I read Alexander George’s “On Washing the Fur without Wetting It” today. The assessment of he gives of the analyticity debate is very appealing. He gives some arguments that the standard interpretation of the debate is incorrect since it makes out Quine’s arguments to be too weak or Carnap to be too dense. I need to think about it some more before I can comment on the reconstruction, but I did want to comment on the moral that he draws. The big contribution of the paper is an explanation of how the different takes on analyticity change what is at stake in the debate. As George puts it:
“[F]or this distinction between kinds of truth is of a piece with one between kinds of difference, and so differences over anlyticity must affect how those very differences can be conceived. This is no doubt a source of the difficulty in obtaining a satisfactory perspective on the dispute…: for there appears to be no way even to judge what kind of dispute it is without thereby taking a side in it. To try to determine the nature of a disagreement over the nature of disagreements without taking any kind of position on that disagreement is just to try to wash the fur without wetting it.”
The last sentence was included to explain the title. I don’t think the last sentence is correct in general. George makes a case that it applies to the different stands on analyticity in particular, which is all that is needed. Read the rest of this entry »

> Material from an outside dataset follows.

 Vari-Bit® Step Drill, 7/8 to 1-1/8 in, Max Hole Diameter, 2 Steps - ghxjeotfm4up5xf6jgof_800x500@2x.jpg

This week in the Quine and Carnap class we’re talking about the analyticity debate. I’ve read most of the Carnap pieces for it and wanted to write a short note on them. It is a rough note. One thing that surprised me in Carnap’s response to Quine’s “Carnap on Logical Truth” was how little weight he seems to place on analyticity. Carnap says that if there is a change of meaning of a term along the lines that Quine discusses, then the analytic truths change as well. They change because we have changed languages, from Ln to Ln+1. I had thought that there would be more stability in languages and analytic truths. Rather than switching the whole language and with it the analytic truths, one would just change part of the language, leaving the analytic truths as is.

I’m not sure if I think this is a good response. It trades a difference in meanings for a difference in languages. it makes it hard to see what the the distinction is between speaking a language in which the meanings change and switching between speaking different languages. This seems reasonable enough. I’m not sure what sort of pragmatic ground one could supply for opting for the one rather than the other. I had thought that analytic truth supported the former but Carnap seems to say no.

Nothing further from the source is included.